24-07-7 Roundup

The last links post was quite long so I think I'll try doing them weekly and including more quotes and commentary...

Getting stuff built

Britain

There's a new government in Britain and the most important question is whether they are willing and able to fix our planning system. My friend Sam Dumitriu has the best summaries of what we know so far:

See also Sam on How to get data centres built quickly

Giving local authorities 100% of business rates raised within them would be great. (And one day, rolling business rates, stamp duty, and council tax into a single coherent form of property tax would be even better)


This is a great thread on how the government could navigate the political challenge of introducing road pricing. We actually solved a similar problem recently. Car tax receipts were going into decline as people switched to cleaner models.

By grandfathering in existing vehicles and delaying the introduction of the broader tax by two years, the government were able to avoid a great deal of fuss. "Without reform, that tax would have raised £2.5 billion last year. Instead, it raised £7.3 billion".

It's very important that we introduce road pricing in the next few years:

  • It's good to tax negative externalities
  • The shift from ICE to electric vehicles is going to eat into the £37 billion that fuel duty currently raises
  • The longer the government waits, the larger the constituency of EV drivers who will be upset

Unable to embed this tweet.

California

People often compare New York and San Francisco. In the former the zoning is onerous but if you meet the conditions you do at least know that you're good to go. In California, you also have a bunch of discretionary committees that can block or delay your perfectly compliant proposal.

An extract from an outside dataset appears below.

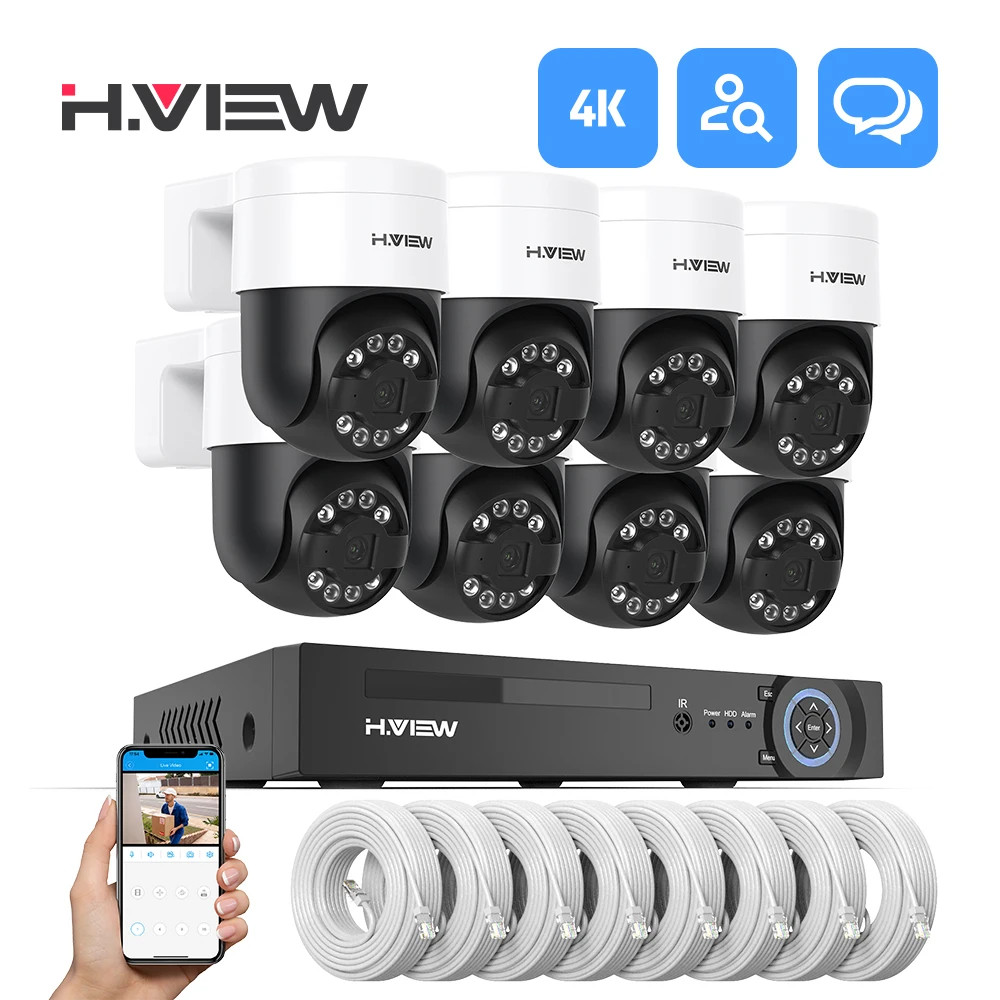Security Camera System Home Video Surveillance Kit IP Camera Humanoid Detection-image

But California might be about to become a bit more like New York. In Autumn last year the California state senate passed SB243. Cities that fall behind on their homebuilding targets are now required to introduce streamlined approval processes:

Under current rules, state officials conduct an assessment every four years to see if cities are meeting their housing goals. There are penalties for noncompliance, including loss of local control over housing development. San Francisco’s next state assessment was originally scheduled for April 2027, giving supervisors plenty of time to peacock while renters continued to suffer. Now, however, thanks to Wiener’s amendment, the city’s housing plans will be assessed annually, starting in spring 2024.

...

Once SB423 goes into effect in the spring, and San Francisco flunks its state assessment, getting new housing approved will be much more like getting your license renewed at the DMV: You fill out some basic paperwork, pay the processing fees and the only frustrating part should be waiting in line for your short appointment at the counter.

Spring is now here and San Francisco's new streamlined system is coming into force

San Francisco being subject to SB423 means that most proposed housing projects will not require approval from the Planning Commission and therefore won’t be able to be appealed to the Board of Supervisors. Most projects won’t have to undergo extensive environmental reviews. The streamlining does not apply to large projects that are subject to “development agreements,” like the Hunters Point Shipyard, Pier 70, Treasure Island or the redevelopment of Stonestown. It also doesn’t apply to projects inconsistent with zoning and affordable housing standards or those proposed for properties that include a historic resource.

Wiener said the law would “dramatically accelerate the time it takes to approve most new housing in San Francisco,” with the city obligated to process applications within 180 days, compared with the current time frame, which is 26 months. Wiener called the commencement of SB423 a “watershed” moment and credited the city’s YIMBY organizations with pushing pro-housing laws.

...

About 23% of housing built in San Francisco is under a development agreement and would not be eligible for SB423. The rest will likely use the legislation for faster approvals, according to Wiener communications director Erik Mebust.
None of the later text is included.